Makassar, (Antaranews Sulsel) - Pakar ekonomi Universitas Hasanuddin (Unhas) Prof Marzuki DEA menilai penghapusan Laporan Surveyor (LS) khususnya sawit dan turunannya perlu pengawasan agar kebijakan hanya bersifat temporer sampai permintaan global kembali normal.

Prof Marzuki DEA di Makassar, Kamis, mengatakan pada satu sisi kebijakan yang akan diambil pemerintah sebagai upaya untuk mendorong ekspor memang patut diterima.

"Jika alasan pemerintah mendorong suplai dengan harapan permintaan ekspor akan naik maka dapat diterima. Tapi tentu perlu diawasi karena jangan sampai keterusan yang justru merugikan kepentingan bangsa dan negara," ujarnya

Ia menjelaskan, kebijakan penghapusan LS begitu jelas sebagai upaya mendorong ekspor.

Dan jika melihat sepintas, kata dia, memang bagus tapi bagaimana dampak manfaat dan kerugiannya bagi Indonesia, itu yang perlu menjadi perhatian.

Menurut dia, jika kebijakan itu pada akhirnya dilakukan, dirinya menilai berpotensi memberikan banyak dampak negatif atau kerugian bagi Indonesia.

Terutama, kata dia, dalam kaitannya dengan pencatatan statistiknya. Apalagi kebijakan selama ini saja masih merugikan Indonesia karena meskipun tercatat kebanyakan dari barang ekspor itu sebagai komoditas ekspor Indonesia, tapi secara rielnya tidak demikian.

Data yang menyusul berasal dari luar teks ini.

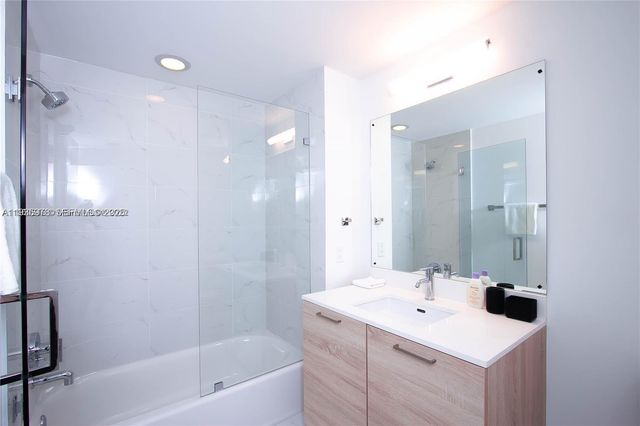 16385 Biscayne Boulevard 719, North Miami Beach, FL 33160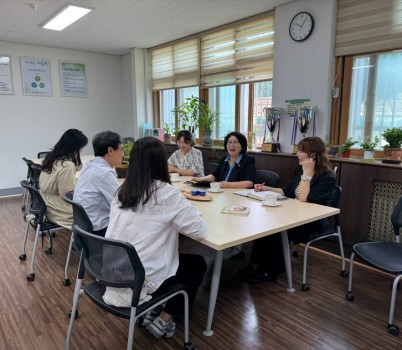 KakaoTalk_20251031_113343504.jpg width: 100%; height : 150px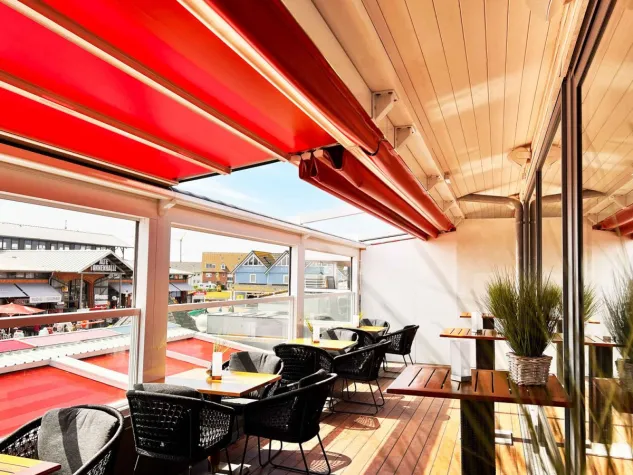 Bild: Terrassenüberdachung von PALMIYE lädt bei GOSCH ganzjährig zum Besuch ein
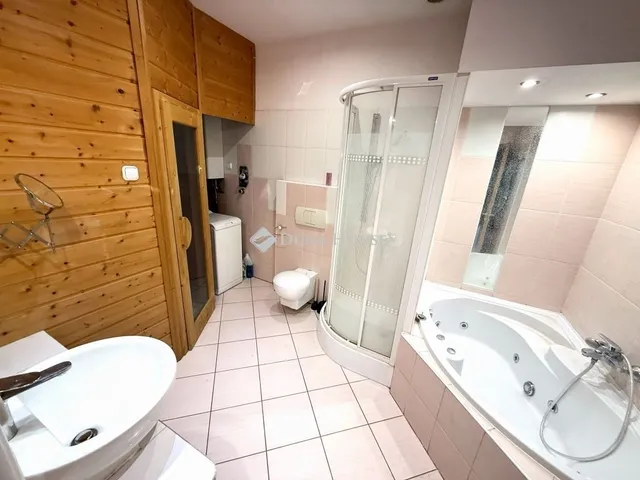 Eladó lakás Székesfehérvár, Belváros 62 nm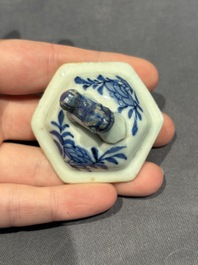 A large collection of 152 pieces, mainly Chinese porcelain covers, Kangxi and later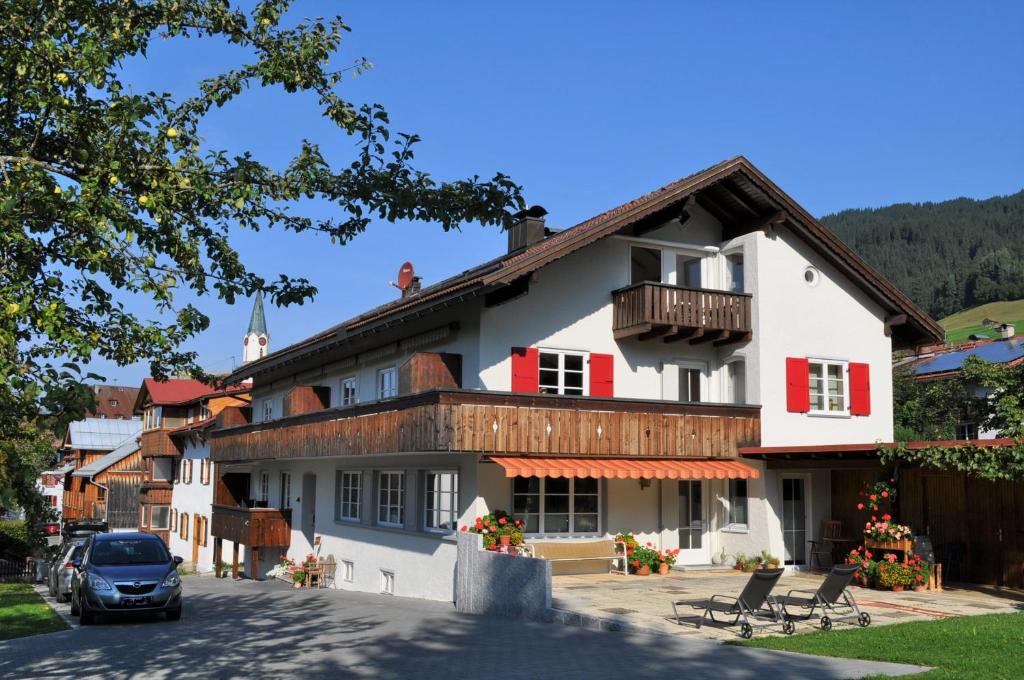 Appartements Gästehaus am Brunnen Brunnengasse 5, 87541 Bad Hindelang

"Karena kebanyakan dari hasil ekspor sawit tersebut bukanlah produk-produk dari pengusaha nasional apalagi rakyat Indonesia, tapi kegiatan PMA (Penanaman Modal Asing) sehingga hasil nilai tambahnya hanya dinikmati pemilik modal asing tersebut dan bukan rakyat dan bangsa Indonesia," jelasnya.

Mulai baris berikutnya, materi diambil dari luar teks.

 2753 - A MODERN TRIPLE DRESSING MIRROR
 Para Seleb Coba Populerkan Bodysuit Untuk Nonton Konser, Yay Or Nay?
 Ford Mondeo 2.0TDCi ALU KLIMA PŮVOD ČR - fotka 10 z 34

Misalnya, kata dia, negara hanya mendapatan hasil pencatatan angka statistik yang bisa besar jika ekspornya tingga, jadi bukan memperoleh nilai uangnya.

"Itulah yang jadi masalah sebenarnya dalam pencatatan pendapatan secara nasional dan wilayah kita. Ada tercatat ekspor yang meningkat, misalnya dari sektor pertanian besar dari hasil-hasil eksploitasi tambang, tapi hasilnya tidak dinikmati rakyat dan bangsa ini, tapi dinikmati oleh pemilik-pemilik usaha tersebut yang umumnya PMA," sebut dia.

Artinya, jika angka pertumbuhan diperoleh dari penjumlahan hasil ekspor, maka angka pertumbuhan itu sebenarnya tidak seperti yang tercatat. Karena hasil ekspor tersebut milik bangsa lain. Sehingga untuk menghitung angka pertumbuhan riel bangsa dan daerah sendiri, seharusnya tdk memperhitungkan nilai tambah dari bangsa lain.

Tetapi betul-betul harus angka pertumbuhan dari nilai tambah yang dihasilkan rakyat bangsa sendiri.

Hal ini, lanjut dia, juga terkait dengan hasil ekspor komoditas kelapa sawit, karena umumnya itu adalah hasil industri pertanian dari PMA.

"Jika sebelumnya kita dapat sesuatu, meskipun hanya data pencatatan, sekarang tidak ada lagi jika dihapus. selain hanya tanah negeri ini dijadikan lahan untuk kesejahteraan bangsa lain," tegasnya.